Ze was dankbaar, ze had geluk gehad, ze had het met haar kinderen gered. Tevreden keek ze terug op haar leven en ook trots, op wat ze ervan had weten te maken, en dat ze tot nu toe nog zo op zichzelf kon wonen.

Ik vroeg naar de Kerstkaarten, die ze zo vroeg al gekregen had. Ja, ze hield van kaarten. Ze koesterde de mooie. Maar zelf kaarten schrijven, dat ging nu niet meer, dat was te veel geworden. En naar de brievenbus lopen te ver. Dat redde zij niet. Die kaarten die daar nu op het dressoir, nou ja, bekende ze, die waren van vorig jaar. Die had ze weer neergezet. En ze was er echt opnieuw blij mee.

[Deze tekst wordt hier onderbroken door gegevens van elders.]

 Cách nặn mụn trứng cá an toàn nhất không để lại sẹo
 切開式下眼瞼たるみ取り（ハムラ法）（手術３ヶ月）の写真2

Vorige week kreeg ik haar kaart. Zij was overleden. “De dood is niet het einde van het leven, het is een open poort naar het licht”, stond erop. Zij is eenvoudig thuisgebracht, nu in nieuw, ander licht. Opnieuw geboren. Ze had er zin in, in Kerst. Zij had eenvoudig vrede in zichzelf gevonden.

Zij brengt mij, in alle eenvoud, dichtbij Kerst.